Image: Calves belonging to dairy owner Pete Wiersma
A pair of calves peek out from pens belonging to dairy owner Pete Wiersma on Feb. 12, in Buhl, Idaho, where thieves stole three of Wiersma's yearling heifers several weeks earlier. Elaine Thompson / ASSOCIATED PRESS
/ Source: The Associated Press

Two guys and a four-door sedan.

That's all it took for cattle rustlers to relieve dairy owner Pete Wiersma of three valuable calves.

Once the province of outlaws and the bane of hardscrabble ranchers who grazed their cattle on the open range, cattle rustling has never gone away. Like the livestock industry, it has only become more efficient.
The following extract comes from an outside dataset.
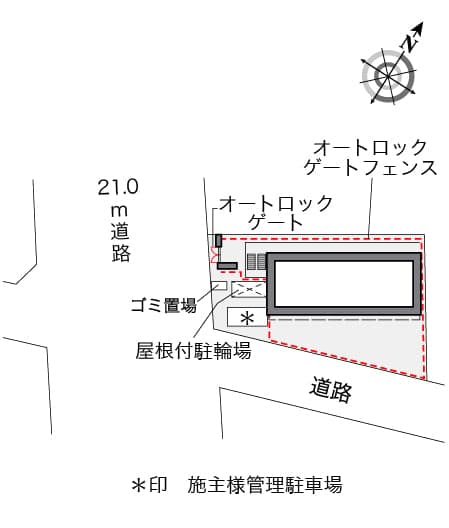 Preview interior of leopalace Yumesaki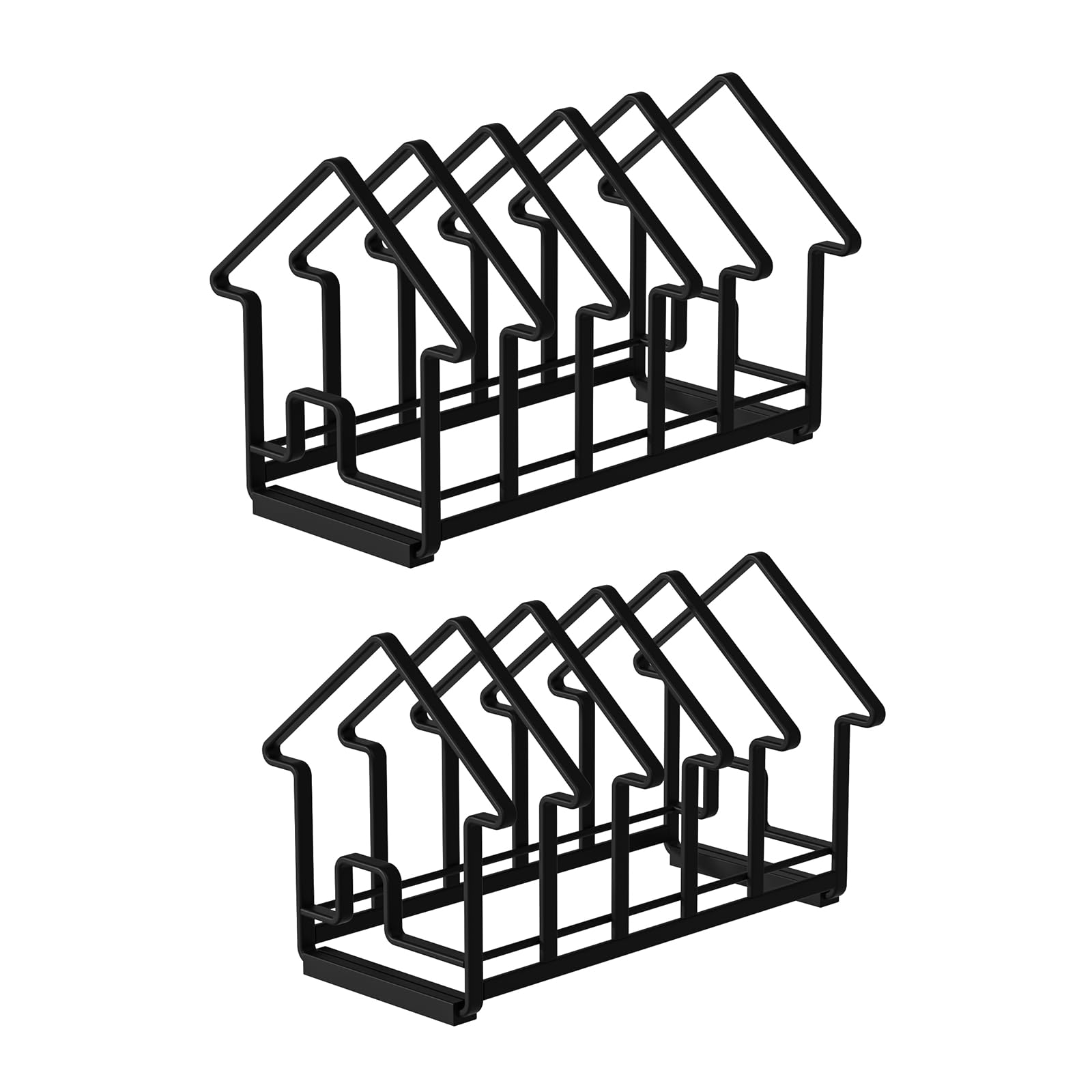 SUNFICON Soporte para tabla de cortar, estante de secado, organizador de gabinete de cocina, bandeja para hornear, bandeja para hornear, bandeja de servir, estante de refrigeración, antideslizante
In general, cattle rustling tends to increase whenever beef prices are high, said Larry Hayhurst, head of the Idaho State Patrol Division of brands. Because the price of cattle feed has been relatively high this year — making the cattle more expensive to raise and lowering the potential profit — the theft reports should be on a downswing. But in rural dairy regions — where milk cows can nearly always fetch a high price and methamphetamine use is becoming as much a part of the landscape as grain silos and milking barns — the rustling reports seem to stay fairly constant.

The Idaho State Police gets between 300 and 500 reports of lost or missing cattle a year, Hayhurst said. The numbers have been consistent for about a decade.
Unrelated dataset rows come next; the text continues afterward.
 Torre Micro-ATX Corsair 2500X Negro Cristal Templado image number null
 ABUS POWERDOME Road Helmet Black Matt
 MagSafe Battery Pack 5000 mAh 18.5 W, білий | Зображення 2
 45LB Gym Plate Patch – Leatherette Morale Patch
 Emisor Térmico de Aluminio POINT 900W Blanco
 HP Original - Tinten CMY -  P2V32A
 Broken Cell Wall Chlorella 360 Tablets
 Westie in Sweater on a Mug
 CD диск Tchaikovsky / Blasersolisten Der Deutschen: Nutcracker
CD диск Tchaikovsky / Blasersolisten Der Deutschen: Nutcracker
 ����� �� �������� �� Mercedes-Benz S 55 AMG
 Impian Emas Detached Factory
"Most of the rustlers are stealing for the money, the profit — whether it be to put food on the table or to trade for drugs," said Idaho State Police brand inspector Sean McCarthy. "The dealers tell dairy workers, 'You go out and you steal me five, 10, or 15 head of calves, we'll supply you with meth so you can either deal or use.'"

The cows are then resold at "something like last week's top sales yard price of $2,600 a head. It adds up pretty quick," he said.
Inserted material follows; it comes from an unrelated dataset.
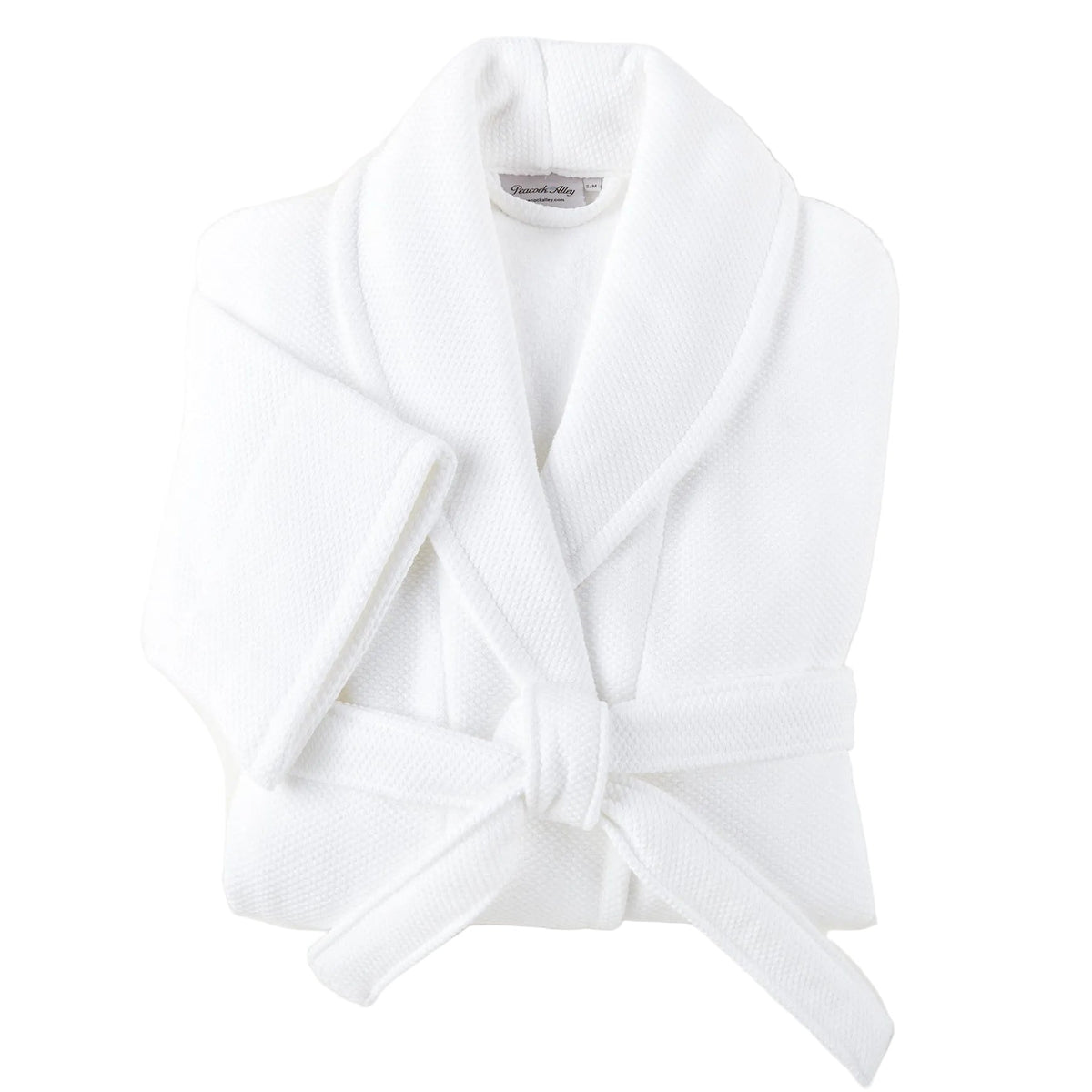 Spa Double-Face Cotton Bathrobe by Peacock Alley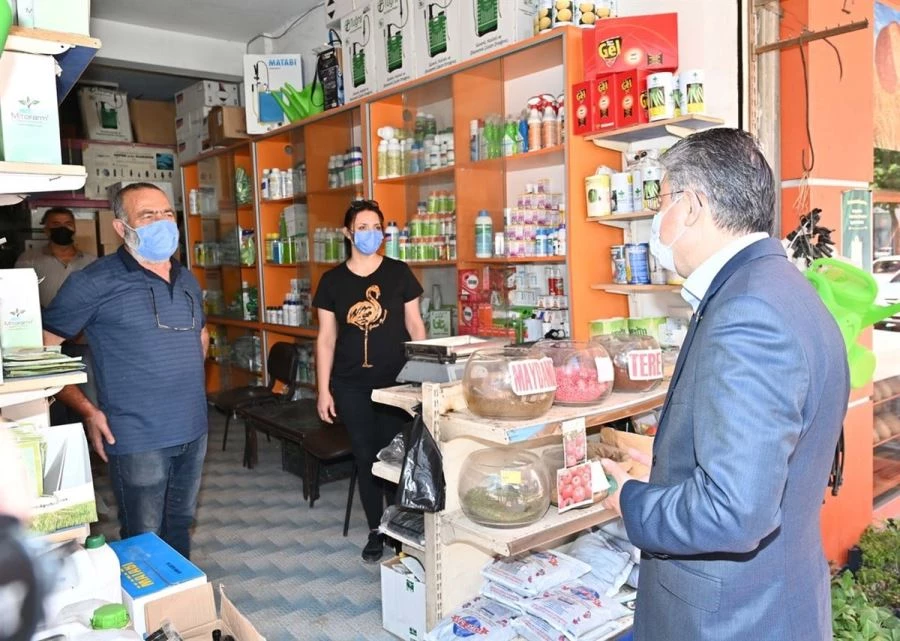 Vali Dr. Erdinç Yılmaz Sahayı Bırakmıyor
Investigators believe many stolen cattle go unreported, sometimes because livestock owners do not discover the thefts right away or because they decide to just chalk the losses up to a tax write-off.

"In the last three months we've had 16 calves reported stolen off of four dairies, but there's probably more than that that have been stolen that the owners aren't aware of," said Sgt. Daron Brown, charged with investigating rural crime in the dairy-laden southern Idaho county of Twin Falls. "What's easier to steal? They don't come with serial numbers."

Not everyone brands
Most states west of the Mississippi River, which largely bisects the U.S., rely on brands — marks seared into the hide of livestock animals — to show ownership of animals. But not all livestock owners brand their animals. Dairy owners, in particular, tend not to brand their cattle for at least the first year or so, said Hayhurst.

"A brand on an animal is the only return address on that animal. Every one of those dairymen is probably missing calves, and they may not even know it," Hayhurst said.

Anywhere between 300 to 500 head of cattle and around 25 horses are reported lost or missing a year in Idaho alone, he said. In California, 1,275 were reported stolen or missing in 2007, at an estimated loss of nearly $1 million. Other western states have similar numbers.

"Rustling is alive and well everywhere in the West," said Jim Connelley, Director of the Division of Livestock Investigation for Nevada's Department of Agriculture. "The gooseneck trailer and diesel pickup are probably the best piece of equipment to come to a rancher in many years and also the most useful equipment for a rustler."

A gooseneck trailer allows a pickup to haul a heavier load.

Yearlings swiped from dairy farm
The pickings are even easier on many dairies. Investigators are still looking for the thieves who stole three of Wiersma's yearling heifers, valued at around $700 each, several weeks ago. Twin Falls County Sheriff's Sgt. Daron Brown, who investigates rural crimes, said the calves — which were unbranded — are probably long gone.

"The way that it happens is you drive your little Mazda into the dairy, in the back where the cameras don't pick it up," Brown said. "And you take four small calves out of the calf hutches and you put two in the trunk and two in the back seat and you drive off."

Make two or three trips to dairies a night and a rustler can net thousands of dollars, Brown said. Wiersma's dairy was one of at least four in the region hit by rustlers at about the same time.

The problem has gotten bad enough that Bill Stouder, a veterinarian and dairy producer, now brands even his stillborn calves to keep rustlers from picking them up before the rendering truck arrives and later swapping them for another rancher's live calves.

Motion-activated cameras are becoming more common on dairies and feedlots, as are tall fences and locked gates.

Branding as defense
The best defense against rustlers? Branding all animals and quickly reporting any missing cattle, said Greg Lawley, chief for the Bureau of Livestock Identification in California. But many livestock owners still seem reluctant to take such measures.

"For whatever reason, people will not report whether they think it's a bad reflection on them or that a couple of head isn't enough to worry about," Lawley said. "If you wait for six months to make sure they're really missing that's a cold trail for us to follow."

Wiersma reported his missing calves right away and recently purchased a special, smaller branding iron that easily fits on a newborn calf's flank. He still has not actually used the smaller iron, however.

"We brand the older ones, when they're about 400 pounds. I just don't have it in my heart to brand day-olds," Wiersma said. "Probably if I get them stole again I'll probably get fed up and do it."

In the meantime, he'll put up a tall fence and hope that does the trick.